[SUPPLIED RECORDS]
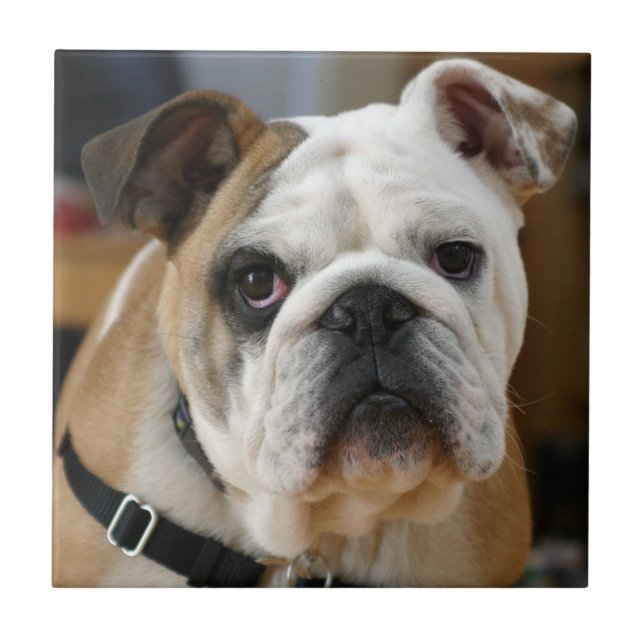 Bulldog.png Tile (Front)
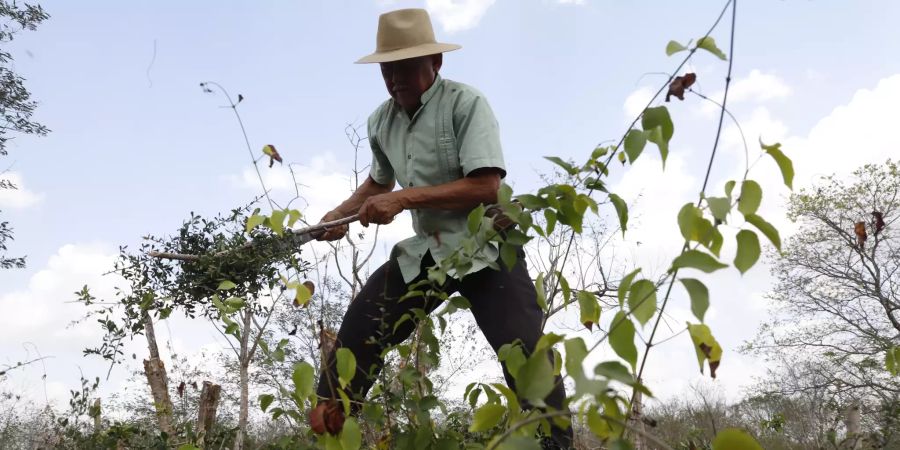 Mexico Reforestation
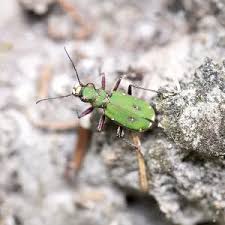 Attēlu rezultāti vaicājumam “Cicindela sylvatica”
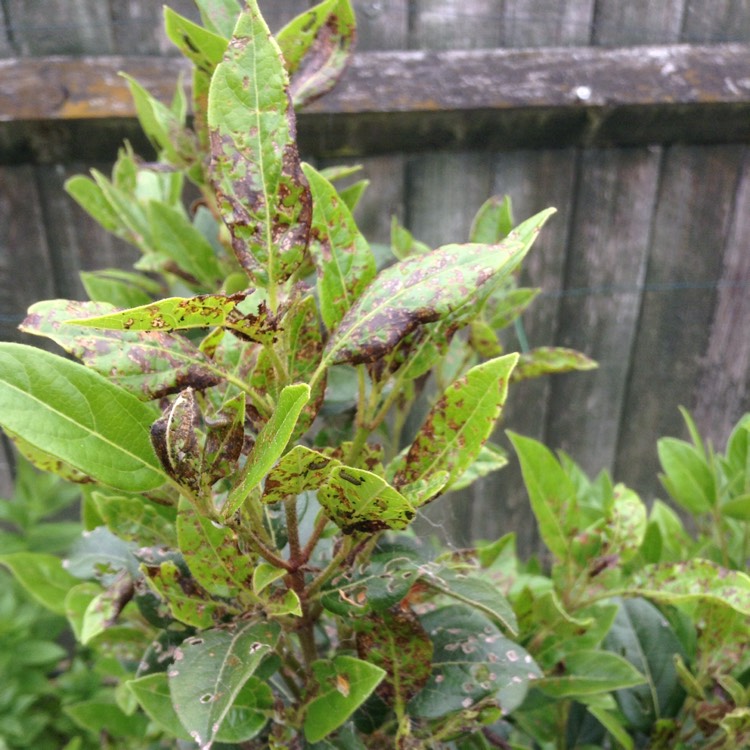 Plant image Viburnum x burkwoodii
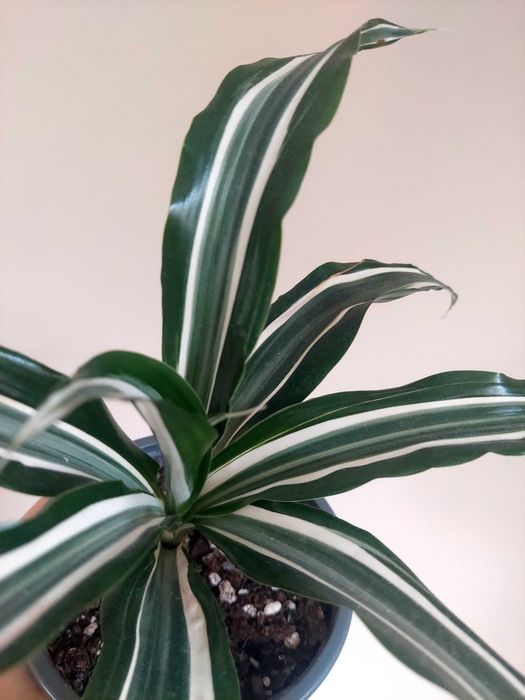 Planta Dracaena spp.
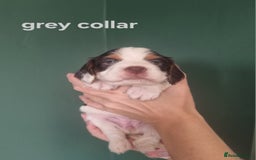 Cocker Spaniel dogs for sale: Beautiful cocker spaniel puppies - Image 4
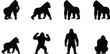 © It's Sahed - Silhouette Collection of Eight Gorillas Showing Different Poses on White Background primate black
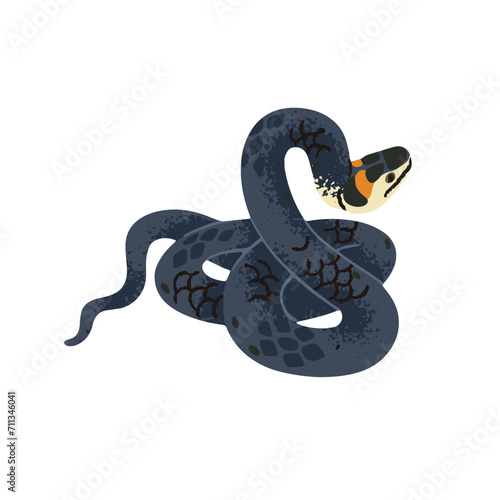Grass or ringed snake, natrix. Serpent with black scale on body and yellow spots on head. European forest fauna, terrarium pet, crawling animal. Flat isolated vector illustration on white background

==

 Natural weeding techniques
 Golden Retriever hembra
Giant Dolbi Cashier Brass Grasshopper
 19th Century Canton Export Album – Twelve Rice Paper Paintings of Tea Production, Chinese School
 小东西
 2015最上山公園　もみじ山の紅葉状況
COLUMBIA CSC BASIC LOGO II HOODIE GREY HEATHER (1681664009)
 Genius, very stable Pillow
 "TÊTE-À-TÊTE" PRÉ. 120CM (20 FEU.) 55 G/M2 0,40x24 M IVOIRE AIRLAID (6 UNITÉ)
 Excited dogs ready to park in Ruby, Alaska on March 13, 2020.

---

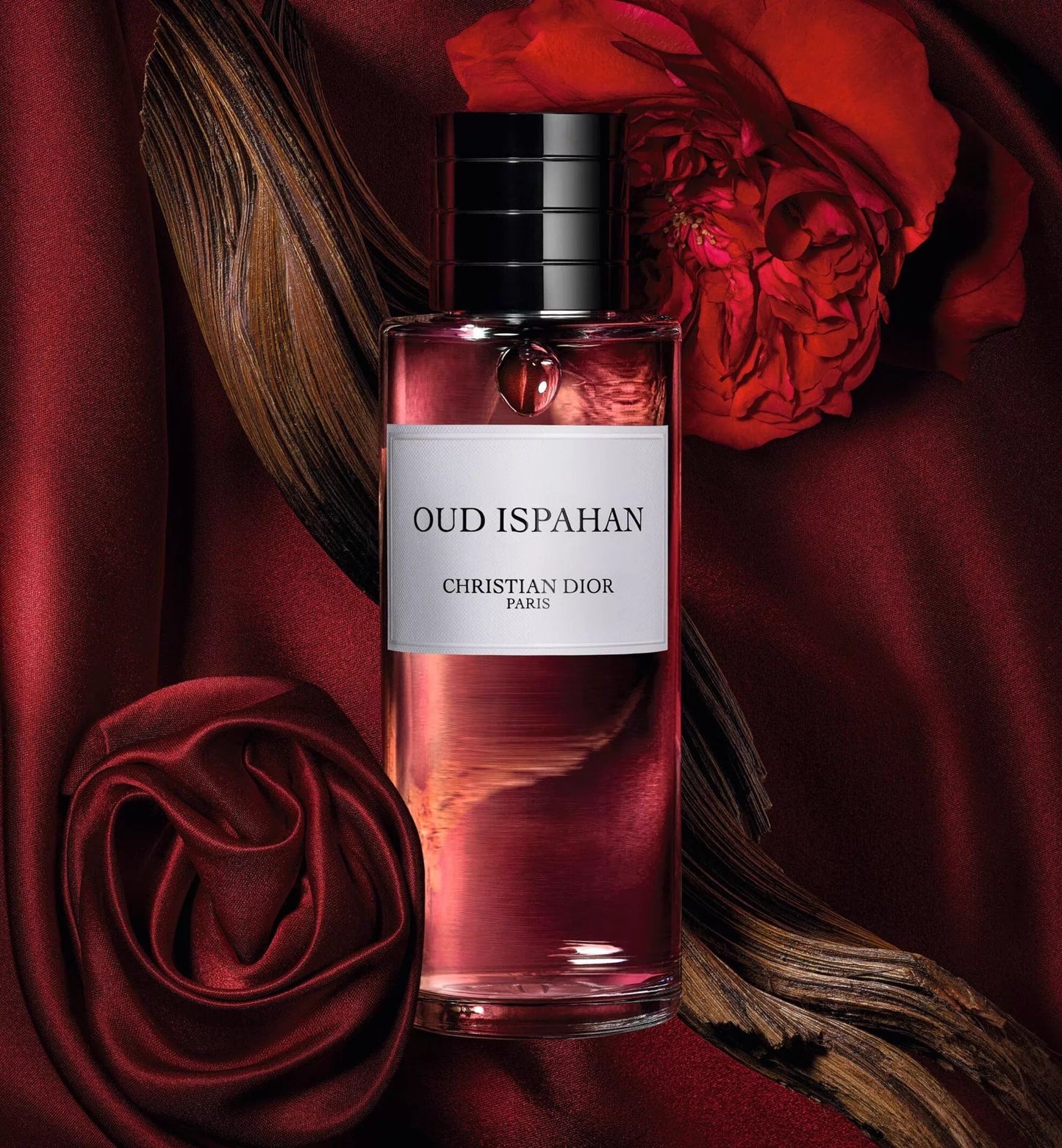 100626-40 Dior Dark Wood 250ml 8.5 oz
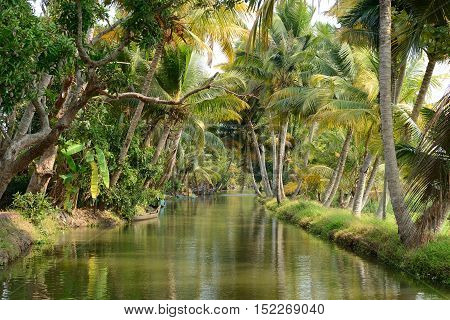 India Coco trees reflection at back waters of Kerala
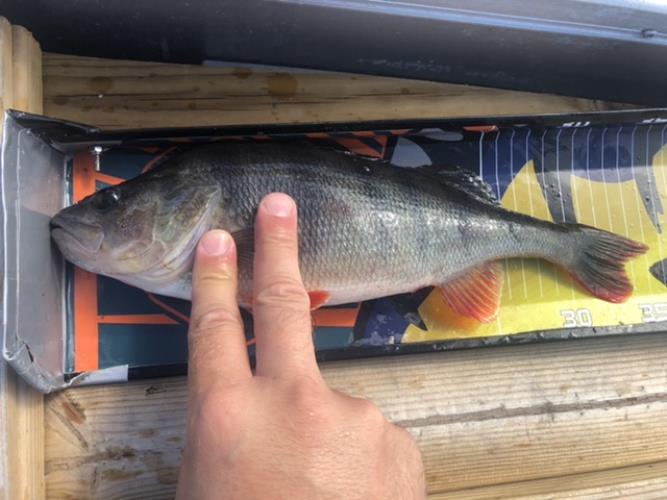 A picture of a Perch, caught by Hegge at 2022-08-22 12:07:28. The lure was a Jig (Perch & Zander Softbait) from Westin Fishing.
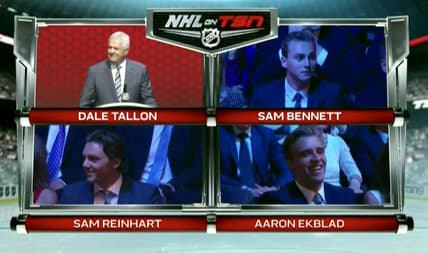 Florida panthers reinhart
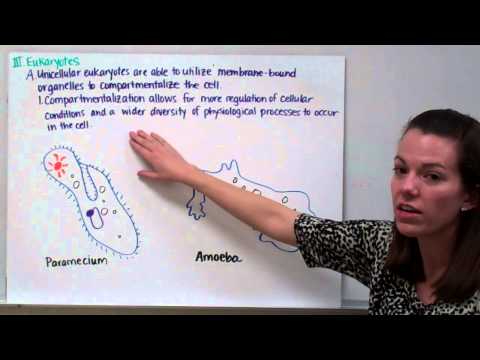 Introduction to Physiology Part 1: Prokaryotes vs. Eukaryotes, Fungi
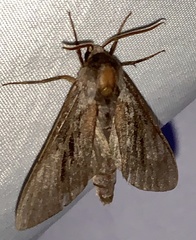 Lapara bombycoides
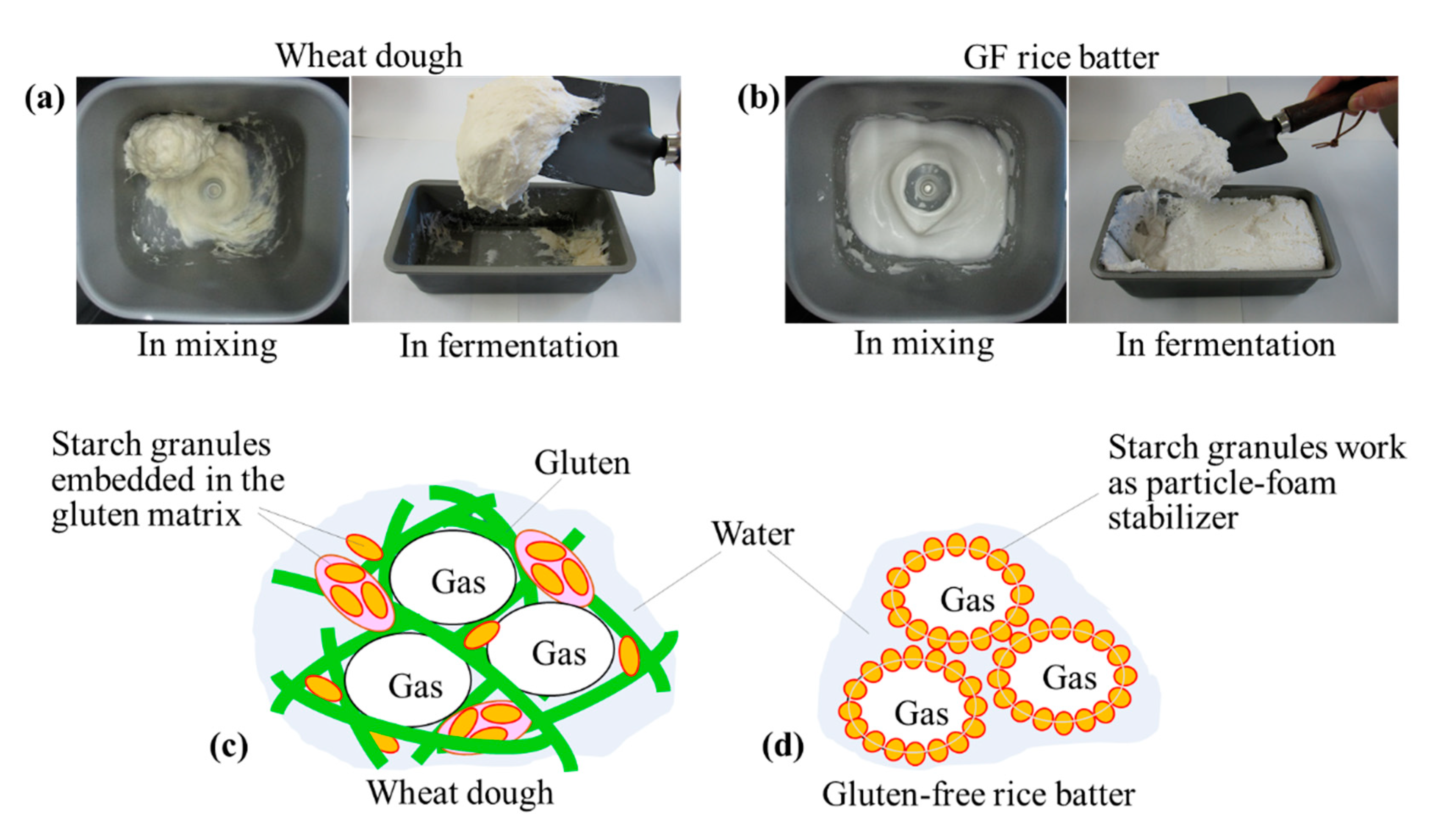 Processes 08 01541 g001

[INSTRUCTIONS TO FOLLOW] Please transcribe exactly the part of the records that opens with the line containing "India Coco trees" and closes with the line containing "Processes 08 01541 g001", both ends included, and leave out the pictures.

[WRITTEN ANSWER]
 India Coco trees reflection at back waters of Kerala
 A picture of a Perch, caught by Hegge at 2022-08-22 12:07:28. The lure was a Jig (Perch & Zander Softbait) from Westin Fishing.
 Florida panthers reinhart
 Introduction to Physiology Part 1: Prokaryotes vs. Eukaryotes, Fungi
 Lapara bombycoides
 Processes 08 01541 g001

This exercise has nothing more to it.